If I had a dollar for everyone who asked whether I’ve got swine flu, I wouldn’t have had to buy a Big Wednesday Lotto ticket this week.  No I don’t have swine flu but 150 people in New Zealand do.  Instead I have a rotten, stinky, I’m so over it cold.  Yes, I’m still spluttering and causing marital disharmony with my nocturnal coughing habits.

I thought it only fair to pay a visit to our local porkers to have a little chat about the bad name they’re getting. When you look at this face it doesn’t look like a health care risk.  The riskiest thing about this piggy is the damage it might do to itself slipping and sliding in all this mud.

Swine - who me?

It’s interesting that lots of Government buildings have new posters in the washrooms instructing people to wash their hands. How to cough and what to do if they feel ill.  I can’t help but think there may be a little, just a little, hysteria setting in.  It seems that the flu is spreading across parts of New Zealand at a rate of knots.  Fortunately, it’s a mild illness so whilst debilitating it’s not life threatening in a way you might imagine from the news reports.

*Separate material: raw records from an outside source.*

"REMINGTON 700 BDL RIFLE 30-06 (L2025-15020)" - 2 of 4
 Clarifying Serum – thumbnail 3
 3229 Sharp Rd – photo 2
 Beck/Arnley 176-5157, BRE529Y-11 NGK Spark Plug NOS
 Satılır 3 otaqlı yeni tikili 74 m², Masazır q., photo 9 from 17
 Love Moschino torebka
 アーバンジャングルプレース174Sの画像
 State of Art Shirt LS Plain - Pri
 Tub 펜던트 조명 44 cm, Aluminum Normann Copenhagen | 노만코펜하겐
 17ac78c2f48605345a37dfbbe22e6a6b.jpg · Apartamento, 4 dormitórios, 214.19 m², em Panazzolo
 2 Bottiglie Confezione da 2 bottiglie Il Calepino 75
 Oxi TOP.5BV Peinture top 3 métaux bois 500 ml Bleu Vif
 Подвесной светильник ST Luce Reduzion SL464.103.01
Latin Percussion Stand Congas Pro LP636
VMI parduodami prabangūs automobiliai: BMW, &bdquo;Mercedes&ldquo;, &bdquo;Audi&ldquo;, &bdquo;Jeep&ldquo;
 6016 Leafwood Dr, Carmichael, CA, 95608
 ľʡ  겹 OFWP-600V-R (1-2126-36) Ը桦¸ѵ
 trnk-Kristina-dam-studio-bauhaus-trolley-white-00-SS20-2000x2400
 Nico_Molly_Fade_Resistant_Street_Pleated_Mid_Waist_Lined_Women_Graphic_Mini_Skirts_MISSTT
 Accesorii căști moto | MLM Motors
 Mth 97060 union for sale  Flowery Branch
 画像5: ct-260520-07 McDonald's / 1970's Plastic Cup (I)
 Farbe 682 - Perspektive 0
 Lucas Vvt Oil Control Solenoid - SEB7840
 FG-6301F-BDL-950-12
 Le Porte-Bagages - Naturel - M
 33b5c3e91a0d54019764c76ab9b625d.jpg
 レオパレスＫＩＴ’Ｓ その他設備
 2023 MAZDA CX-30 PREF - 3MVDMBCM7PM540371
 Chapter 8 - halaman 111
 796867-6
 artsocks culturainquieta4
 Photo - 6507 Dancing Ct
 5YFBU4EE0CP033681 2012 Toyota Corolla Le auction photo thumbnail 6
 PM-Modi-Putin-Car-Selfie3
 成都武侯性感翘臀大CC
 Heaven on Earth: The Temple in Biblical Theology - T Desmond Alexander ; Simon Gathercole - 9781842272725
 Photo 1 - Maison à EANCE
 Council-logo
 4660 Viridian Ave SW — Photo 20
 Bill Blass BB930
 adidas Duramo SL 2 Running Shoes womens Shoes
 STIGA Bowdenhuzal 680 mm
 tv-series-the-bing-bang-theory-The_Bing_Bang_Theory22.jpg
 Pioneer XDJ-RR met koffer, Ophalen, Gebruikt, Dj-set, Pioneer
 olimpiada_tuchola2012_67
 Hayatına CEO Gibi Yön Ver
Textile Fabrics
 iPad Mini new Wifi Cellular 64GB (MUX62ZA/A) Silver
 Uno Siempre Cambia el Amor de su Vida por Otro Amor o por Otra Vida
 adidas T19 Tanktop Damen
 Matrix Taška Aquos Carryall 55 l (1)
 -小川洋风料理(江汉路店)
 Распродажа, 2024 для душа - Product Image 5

My neighbour pigs are not bothered that they are the butt of so many jokes and comment in the national media.  They seem content to be wallowing around in their muddy field.

Pig in mud

I know a certain big basset who would give anything to be able to wallow in the mud like they are.  It would be a step up from the muddy puddles he sneeks into normally.

Pig neighbour

I have to admit that after almost 2 weeks I’m now officially fed up with being under the weather.  Even more so now that I’ve finished watching my box set of the final season of Sex in The City.  Luckily I have a light workload this week giving me enough space to rest up a bit.  Things are going to pick up over the coming weeks though which is nice from an earning point of view but it will mean that I have to make sure I am keeping well organised if I’m going to be able to keep up the Domestic Executive pace.